Andy called me last Sunday, the day before he died, to tell me about the Himalaya ride in New Jersey that he wanted to buy. He was in serious pain that even morphine couldn’t alleviate, but all he could talk about was the ride, how he wanted to buy it and bring it back to Coney Island. The ride had sold to another operator, and I told him that there’d be others. He wouldn’t stop. “I almost hocked my house to buy it,” he told me, “it’s electric drive, one of a kind, all the others are hydraulic.” He felt that his Himalaya ride, with himself as DJ, playing all the old Motown tunes, was the thing that Coney needed most. He was a true believer.

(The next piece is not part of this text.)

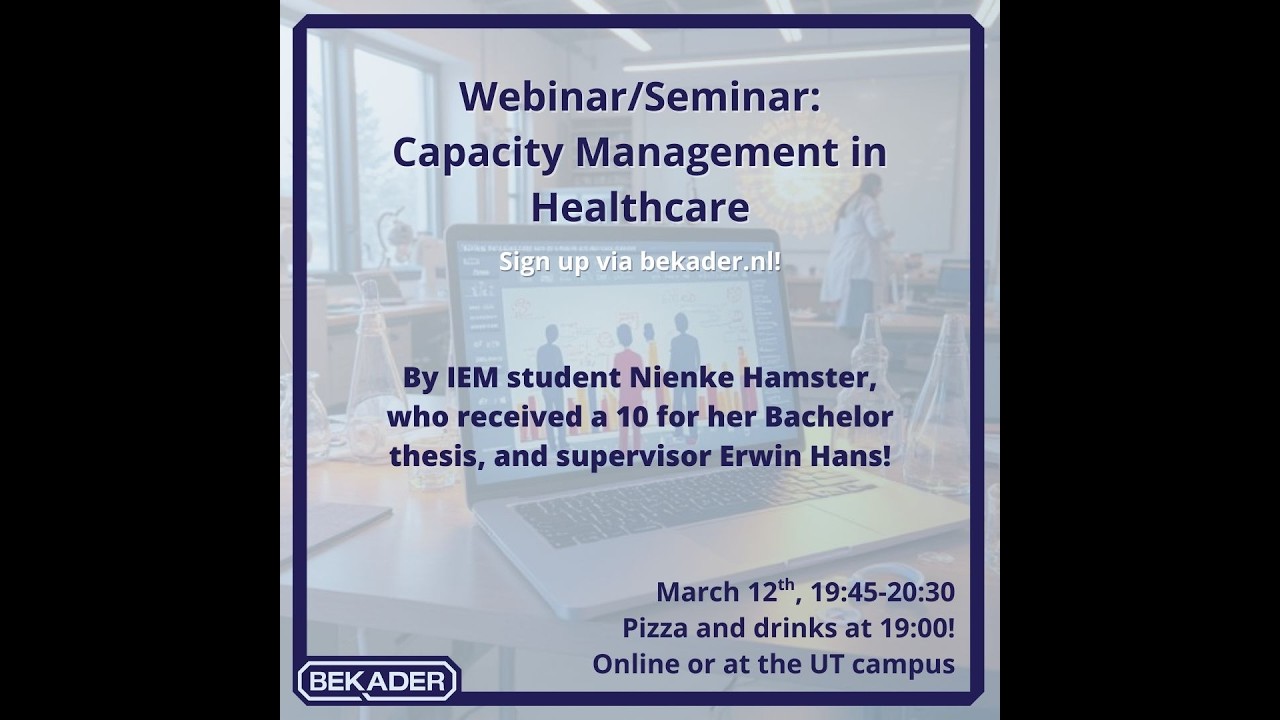 Webinar: Capacity Management in the Healthcare Sector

Coney Island was Andy’s life and obsession. In the 1970s Andy was a fixture in Coney Island, operating the Tornado Roller Coaster, the Bobsled, and his great love, the Himalaya. He was an expert ride mechanic whose love of animals led to his job at the police stables in Brighton Beach. In recent times he had a thankless side job, working for Horace Bullard as the guardian of Coney’s decaying relics, the Thunderbolt, the Shore Theater, and Playland Arcade. He always dreamed of restoring them to their former glory and never fully recovered after the illegal demolition of the Thunderbolt.
I will miss his smile and laughter and his intensity and optimism. We shared many Coney Island moments together. He was a good friend for many years and a main character in my books, “Coney Island: Lost and Found ” and “Wild Ride: A Coney Island Roller Coaster Family.” He left us too soon, but his legacy will live on.